(Data records)
>>>

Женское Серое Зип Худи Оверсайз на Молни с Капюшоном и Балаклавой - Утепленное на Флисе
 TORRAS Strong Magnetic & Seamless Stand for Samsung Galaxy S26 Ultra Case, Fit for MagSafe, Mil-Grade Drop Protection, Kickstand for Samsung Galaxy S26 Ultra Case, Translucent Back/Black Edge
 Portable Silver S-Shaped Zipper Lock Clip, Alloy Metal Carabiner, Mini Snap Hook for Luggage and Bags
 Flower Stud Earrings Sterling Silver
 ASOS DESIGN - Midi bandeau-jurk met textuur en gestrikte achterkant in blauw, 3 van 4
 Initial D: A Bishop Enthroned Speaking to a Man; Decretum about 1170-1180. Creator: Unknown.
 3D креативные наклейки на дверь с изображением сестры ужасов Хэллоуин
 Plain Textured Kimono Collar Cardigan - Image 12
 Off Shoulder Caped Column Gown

<<<

Please provide nothing but the number of lines in the records that hold the string "Silver".

2